I still hate putting them in most mornings. I have mixed results in a classroom. Zoom classes work better for me than in-person classes, during which I can utilize the bluetooth capability. When I’m out of a controlled environment, when I’m in an airport or at the supermarket or post office, I’ll sometimes preemptively say, “I’m hearing disabled,” even though I hate doing that and it usually does nothing.

Understanding someone wearing a COVID-19 mask is nearly impossible for me. Trying to decipher a pronounced foreign accent is equally difficult. Crowded restaurants are still difficult for me to navigate; large parties and functions are not generally welcomed. I don’t lipread, but I find myself looking to the speaker’s mouth for clues, and that seems to help. I have to be aware of how loud or soft my own voice is because my ears don’t register it as resolutely as they used to. Hearing aids carry their own eccentricities. I can hear the faint creaking of floorboards in my house yet when I’m in the middle of a robust three-way conversation, I feel like the odd man out.

It’s all exhausting. You don’t realize how complicated comprehending speech can be until your hearing abilities are compromised.

Where will it all end? My hearing acuity continues to get worse. There are four main stages of hearing loss: mild, moderate, severe and profound. I’ve gone from mild to moderate to moderately severe in three years. That's what a stack of audiograms indicate. The slope of decline is steeper than a ski jump at the Sochi Olympics.

Being the journalist I am, from the beginning of this strange and bewildering acoustic saga, I wanted to determine the etiology of my hearing decline. How bad was it going to get? How come such an unrelenting, unforgiving decline? Will I eventually go deaf? Should I start learning American Sign Language?

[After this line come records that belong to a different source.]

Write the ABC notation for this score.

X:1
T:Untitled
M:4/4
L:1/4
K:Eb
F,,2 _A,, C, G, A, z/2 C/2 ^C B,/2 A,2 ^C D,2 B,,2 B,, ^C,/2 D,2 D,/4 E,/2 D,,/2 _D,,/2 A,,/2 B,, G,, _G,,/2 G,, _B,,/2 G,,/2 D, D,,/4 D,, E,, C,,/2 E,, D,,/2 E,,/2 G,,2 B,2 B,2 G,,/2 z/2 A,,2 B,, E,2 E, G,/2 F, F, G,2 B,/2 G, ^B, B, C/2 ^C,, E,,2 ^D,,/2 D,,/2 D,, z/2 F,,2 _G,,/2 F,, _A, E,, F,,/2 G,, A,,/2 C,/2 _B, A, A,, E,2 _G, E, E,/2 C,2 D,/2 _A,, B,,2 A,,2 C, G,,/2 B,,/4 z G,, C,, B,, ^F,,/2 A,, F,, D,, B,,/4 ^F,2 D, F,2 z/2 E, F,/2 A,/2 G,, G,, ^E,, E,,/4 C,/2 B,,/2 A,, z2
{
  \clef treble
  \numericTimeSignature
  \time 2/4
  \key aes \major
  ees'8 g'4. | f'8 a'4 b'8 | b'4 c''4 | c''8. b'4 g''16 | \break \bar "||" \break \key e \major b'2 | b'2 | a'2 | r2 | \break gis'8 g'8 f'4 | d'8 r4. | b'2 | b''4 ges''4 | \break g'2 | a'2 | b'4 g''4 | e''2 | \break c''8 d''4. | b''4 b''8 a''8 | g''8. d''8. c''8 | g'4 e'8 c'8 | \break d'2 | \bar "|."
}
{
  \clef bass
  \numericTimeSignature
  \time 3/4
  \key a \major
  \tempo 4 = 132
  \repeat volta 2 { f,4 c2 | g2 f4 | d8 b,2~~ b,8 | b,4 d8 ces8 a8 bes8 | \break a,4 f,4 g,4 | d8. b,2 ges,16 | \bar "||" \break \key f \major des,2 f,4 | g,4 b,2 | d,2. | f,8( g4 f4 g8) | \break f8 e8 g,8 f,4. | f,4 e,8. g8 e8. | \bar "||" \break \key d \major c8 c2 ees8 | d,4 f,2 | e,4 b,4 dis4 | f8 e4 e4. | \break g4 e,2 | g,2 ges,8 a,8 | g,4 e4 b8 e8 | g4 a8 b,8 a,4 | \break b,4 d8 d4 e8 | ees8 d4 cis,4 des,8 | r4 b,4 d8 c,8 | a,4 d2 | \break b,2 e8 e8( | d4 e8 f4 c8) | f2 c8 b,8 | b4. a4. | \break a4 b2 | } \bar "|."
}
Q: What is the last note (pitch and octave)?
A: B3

My hearing deficiency likely had been going downhill for years. But it was declining so incrementally that I hadn’t really noticed it until that evening at the sound-ricocheting restaurant. But I thought there had to be something more to it than just age-related hearing loss. It seemed to be slipping so fast and precipitously that its cause had to be more than the accumulation of nonspecific skirmishes with aging.

Why was a mystery — until my son called several months ago.

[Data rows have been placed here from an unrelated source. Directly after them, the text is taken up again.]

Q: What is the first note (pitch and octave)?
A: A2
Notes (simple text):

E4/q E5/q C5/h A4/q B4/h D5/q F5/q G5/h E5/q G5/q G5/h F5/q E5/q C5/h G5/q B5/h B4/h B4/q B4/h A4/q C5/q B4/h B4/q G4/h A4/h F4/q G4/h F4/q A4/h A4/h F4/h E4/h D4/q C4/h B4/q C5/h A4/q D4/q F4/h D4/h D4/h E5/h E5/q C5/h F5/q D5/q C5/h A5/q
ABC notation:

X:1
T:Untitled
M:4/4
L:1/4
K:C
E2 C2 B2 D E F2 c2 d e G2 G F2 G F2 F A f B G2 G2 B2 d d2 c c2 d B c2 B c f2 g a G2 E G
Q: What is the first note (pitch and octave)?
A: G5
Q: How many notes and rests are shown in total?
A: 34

Michael and his wife, wanting to start a family, did what lots of young people do: They got preemptive, routine genetic counseling. Three weeks later, their tests came back. Everything normal. No cause for alarm. They can and ought to proceed, the counselor told them.

Michael called to share the news. As an afterthought, he added that on his genetic report card it was noted that he tested positive for an obscure genetic condition, so rare that it’s not even considered a disease, just a “syndrome,” called Alport. Some 150,000 Americans are estimated to have either the dominant or recessive gene that causes Alport syndrome, named after a South African physician, Arthur Cecil Alport, an expert on malaria, who wrote about the mutation in 1927 in The British Medical Journal.

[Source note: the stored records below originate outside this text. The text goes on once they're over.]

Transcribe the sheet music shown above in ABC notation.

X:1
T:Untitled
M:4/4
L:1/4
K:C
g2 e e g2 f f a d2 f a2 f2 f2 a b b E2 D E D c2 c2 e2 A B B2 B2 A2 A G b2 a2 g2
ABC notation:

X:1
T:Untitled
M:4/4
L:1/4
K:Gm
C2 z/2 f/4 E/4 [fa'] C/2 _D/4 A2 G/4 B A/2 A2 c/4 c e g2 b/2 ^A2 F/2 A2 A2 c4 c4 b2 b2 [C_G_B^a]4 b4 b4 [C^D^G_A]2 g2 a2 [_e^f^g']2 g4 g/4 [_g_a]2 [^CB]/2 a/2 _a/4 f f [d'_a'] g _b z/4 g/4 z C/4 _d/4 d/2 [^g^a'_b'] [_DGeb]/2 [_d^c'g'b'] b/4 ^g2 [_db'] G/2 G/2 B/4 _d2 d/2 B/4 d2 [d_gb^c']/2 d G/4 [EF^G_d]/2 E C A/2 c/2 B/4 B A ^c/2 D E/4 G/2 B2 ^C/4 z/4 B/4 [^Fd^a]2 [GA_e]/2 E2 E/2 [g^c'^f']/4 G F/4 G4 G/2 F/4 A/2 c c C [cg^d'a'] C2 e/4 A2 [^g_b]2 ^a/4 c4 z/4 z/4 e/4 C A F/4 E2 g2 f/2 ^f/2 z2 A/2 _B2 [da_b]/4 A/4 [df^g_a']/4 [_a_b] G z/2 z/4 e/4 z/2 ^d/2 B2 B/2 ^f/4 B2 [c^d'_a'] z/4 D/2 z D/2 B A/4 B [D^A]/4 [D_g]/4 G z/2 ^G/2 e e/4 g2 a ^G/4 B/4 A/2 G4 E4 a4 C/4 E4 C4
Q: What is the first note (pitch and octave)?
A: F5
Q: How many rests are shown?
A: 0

“It’s something about irregular collagen in three parts of the body: your kidneys, inner ear, and eyes,” Michael said.

I signed up for my own genetic test, which confirmed that I, too, have Alport Syndrome (my variant is autosomal dominant Alport syndrome), one that has spared my eyes, but has manifested in my kidneys and ears. My kidneys are holding fairly strong. It’s the progressive hearing loss that seemingly is the byproduct of Alport syndrome, which I likely inherited from my father.

For now, my aural symptoms aren’t much different from those someone with age-related hearing loss might experience. Some Alport patients are deaf; others have moderate hearing impairment. It’s the type IV collagen in the basement membrane of my cochlea, or inner ear, that is abnormal and contributes to sensorineural hearing loss.

Until there’s something better to stick in my ear, it seems that I’ll need to make a separate peace with my not-so-trusty but none-the-less essential salt-and-pepper hearing aids. Will I eventually go deaf? No one can predict. But if I live another 20 years, I’ll likely have other assorted maladies so that my hearing loss will be just another medical issue that I’ll have to learn to contend with.